Posted On: May. 1, 2013 12:00 AM CST

MaineHealth shares strategy for overhauling health management program

PHILADELPHIA — By incorporating behavioral and economic principles into their health benefits strategy, the Portland, Maine-based MaineHealth hospital system was able to drastically improve the bottom line of its health management program.

Prior to 2012, participation rates in MaineHealth's employee wellness program had been stuck at or near 50%, despite the hospital systems' investment of as much as $1.6 million annually on wellness incentives.

“We had an engagement problem,” Michael Vittoria, vice president of corporate benefits services for MaineHealth, said Monday during a presentation at WorldatWork's “2013 Total Rewards Conference” in Philadelphia.

Mr. Vittoria said a comparative analysis of MaineHealth's medical claims costs from 2007 to 2011 revealed that employees not engaged in the hospital system's wellness program generated $1,200 per month in claims costs vs. program participants.

“We had to get our employees participating more in the things that are going to make them healthier,” he said.

In 2012, MaineHealth overhauled its employee health benefits and wellness strategy with an emphasis on behavioral economic principles such as loss aversion and choice architecture, which uses specific language, order and context to influence indivdual choices.

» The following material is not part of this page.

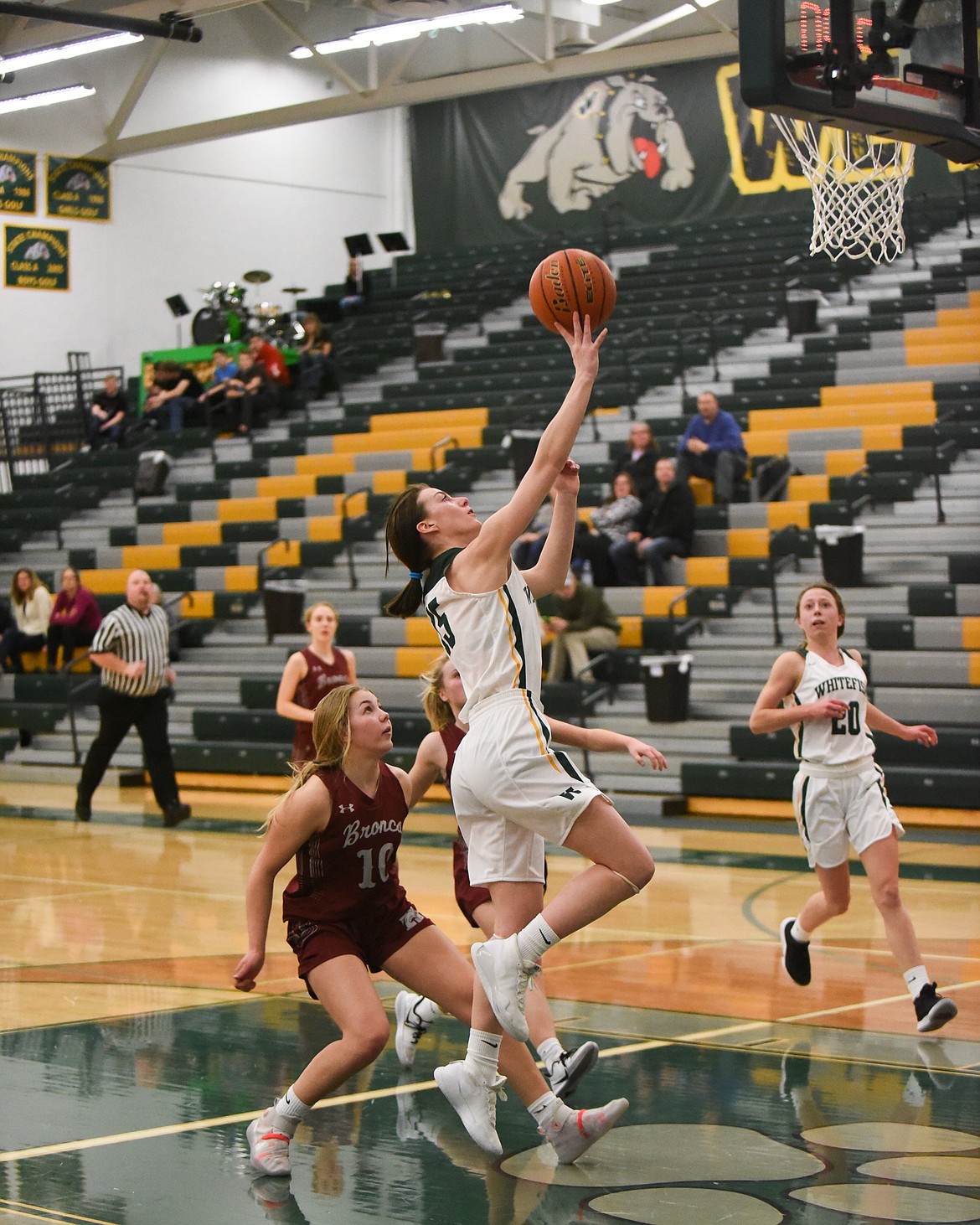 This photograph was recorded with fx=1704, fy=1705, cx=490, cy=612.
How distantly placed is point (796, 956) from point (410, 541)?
289 cm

The hospital system implemented a tiered coverage structure designed to reward engagement in personal health management.

Under the new strategy, Mr. Vittoria said employees who elect not to participate in MaineHealth's wellness program are limited to a new “basic” health care plan that includes significantly higher employee premium shares, deductibles and coinsurance payments.

Employees who complete certain wellness initiatives are granted access to the hospital system's original medical plan, renamed Healthy HMO Plan, as well as a new consumer-driven health plan, renamed Healthy Saver Plan, which eliminates coinsurance payments in favor of a health savings account.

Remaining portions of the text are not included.